Alex Schadenberg of the Euthanasia Prevention Coalition summarizes it all quite nicely: “The Supreme Court of Canada has made an activist decision by giving physicians the right in law to cause the death of people by assisted suicide.” I have quickly read the 44-page decision and it seems that the legal reasoning provided is just window dressing on a political choice to throw out the Criminal Code prohibition on physician-assisted suicide. While the SCOC has urged Parliament to write a new law within 12 months, Small Dead Animals tweeted, the SCOC was “Reminding us again that Parliament is largely decorative.” That’s because in 2010, Bill C-384, which sought to legalize euthanasia and doctor-assisted suicide was overwhelmingly defeated when the House of Commons voted 228-59. It is also stunning that the decision was unanimous and written anonymously (which is rare). Does that speak to the “weight of the court” as one commentator said, or is it cowardice?

In the 1993 Rodriguez decision, the Court decided (admittedly narrowly) that while Ms. Rodriguez’s security and liberty interests were impinged by section 241(b), “any resulting deprivation is not contrary to the principles of fundamental justice.” What principle of fundamental justice has changed in the intervening 22 years? Even if, as the majority stated in the 1993 decision, that there was then no consensus “opposing the right of the state to regulate the involvement of others in exercising power over individuals ending their lives,” there is now no consensus that state should abandon its traditional protection of vulnerable persons. What has changed is the makeup of the Court, and even after Prime Minister Stephen Harper’s decade in office and his appointment of half of the Supreme Court’s justices, we still have (all) liberal, activist judges.

But we are not upset with this decision because it was imposed by judges, but because it will kill the sick, disabled, elderly, and otherwise vulnerable. As bad as the process of Canada accepting physician-assisted suicide is, the substance is worse. Schadenberg said: “Giving doctors the right to cause the death of their patients will never be safe and no amount of “so-called safeguards” will protect those who live with depression or abuse. There will always be people who will abuse the power to cause death and there will always be more reasons to cause death.” The Supreme Court dismissed cases of abuse of euthanasia/doctor-assisted “safeguards” as irrelevant anecdotes. That’s a telling insight about how these justices look at actual human lives: irrelevant anecdotes.

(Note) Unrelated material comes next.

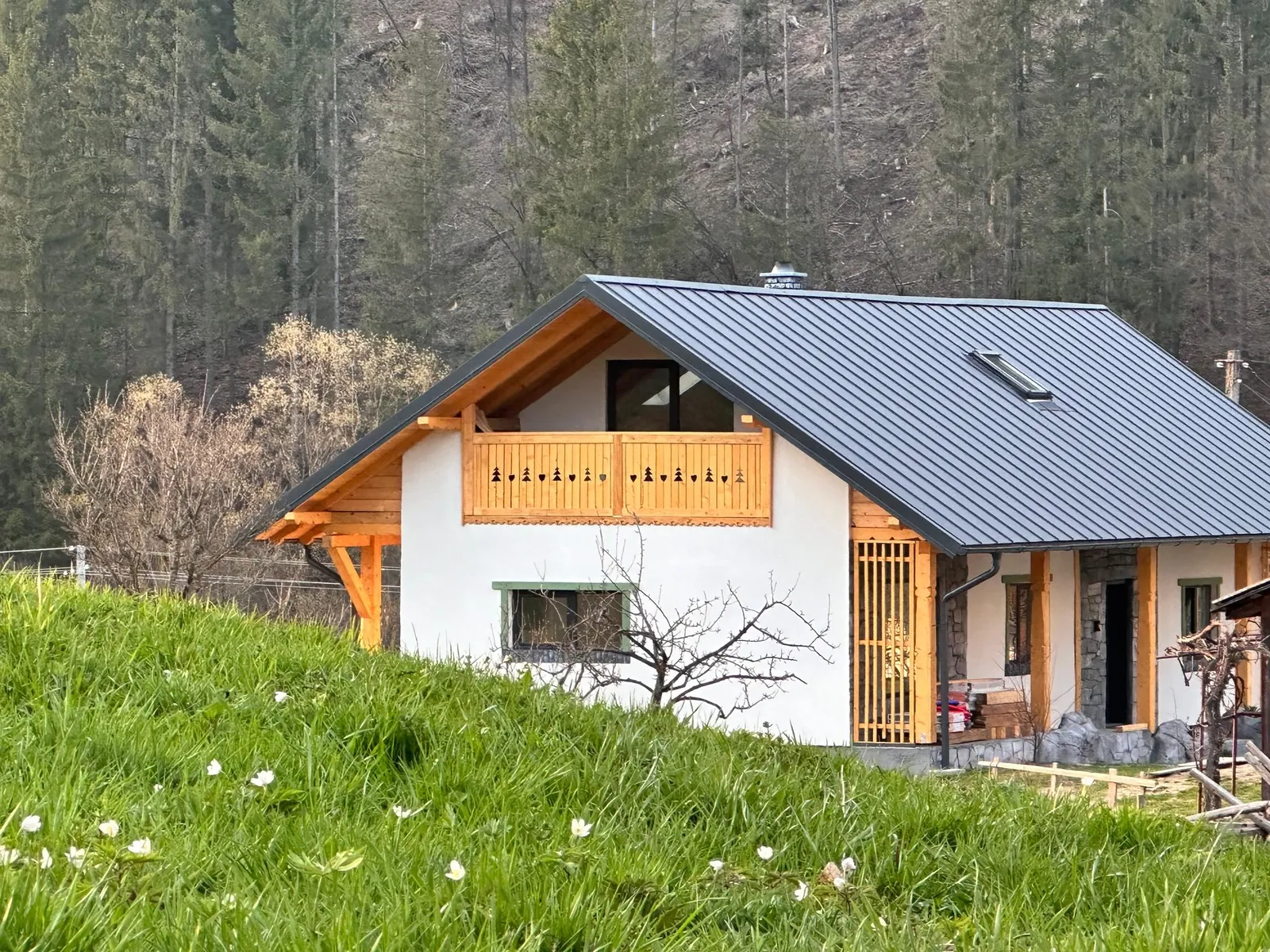 Artcetera Lodge terminată, cu prispa de lemn și acoperișul nou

The Euthanasia Prevention Coalition, Campaign Life Coalition, and other groups opposed to this decision are calling on Parliament to use the notwithstanding clause to prevent this decision from taking effect for five years, and calling upon the federal and provincial governments to improve access to end-of-life care, work to change social attitudes about the lives of people with disabilities, and create effective suicide prevention strategies.

If Parliament and the provinces do not act, the Charter and medicine will become, as Fr. Raymond de Souza said in the National Post yesterday, “a tool of the powerful against the weak.”

UPDATE (11:35): Upon reading the fine print, the EPC considers the decision worse than it suggested in their press release. Will permit active euthanasia, not “just” doctor-assisted suicide. They will release a longer analysis shortly.